We could definitely use another Abraham Lincoln to emancipate us all from being slaves to words.
In the midst of a historic financial crisis of unprecedented government spending, and a national debt that outstrips even the debt accumulated by the reckless government spending of the previous administration, we are still enthralled by words and ignoring realities.
President Barack Obama’s constant talk about “millionaires and billionaires” needing to pay higher taxes would be a bad joke if the consequences were not so serious. Even if the income tax rate were raised to 100% on millionaires and billionaires, it would still not cover the trillions of dollars the government is spending.
More fundamentally, tax rates — whatever they are — are just words on paper. Only the hard cash that comes in can cover government spending. History has shown repeatedly, under administrations of both political parties, that there is no automatic correlation between tax rates and tax revenues.
Tax Rates Vs. Hard Cash
When the tax rate on the highest incomes was 73% in 1921, that brought in less tax revenue than after the tax rate was cut to 24% in 1925. Why? Because high tax rates that people don’t actually pay do not bring in as much hard cash as lower tax rates that they do pay. That’s not rocket science.

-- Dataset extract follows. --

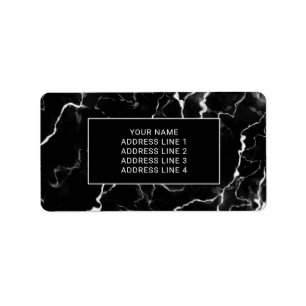 Faux Black Marble Texture Look With Custom Text Label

Then and now, people with the highest incomes have had the greatest flexibility as to where they will put their money. Buying tax-exempt bonds is just one of the many ways that “millionaires and billionaires” avoid paying hard cash to the government, no matter how high the tax rates go.
Most working people don’t have the same options. Their taxes have been taken out of their paychecks before they get them.
Even more so today than in the 1920s, billions of dollars can be sent overseas electronically, almost instantaneously, to be invested in other countries — creating jobs there, while millions of Americans are unemployed. That is a very high price to pay for class warfare rhetoric about taxing “millionaires and billionaires.”
Make no mistake about it, that kind of rhetoric wins votes for political demagogues — and votes are their bottom line. But that is totally different from saying that it will bring in more tax revenue to the government.
Time and again, at both state and federal levels, in the country and in other countries, tax rates and tax revenue have moved in opposite directions many times. After Maryland raised its tax rates on people making a million dollars a year, there were fewer such people living in Maryland — and less tax revenue was collected from them.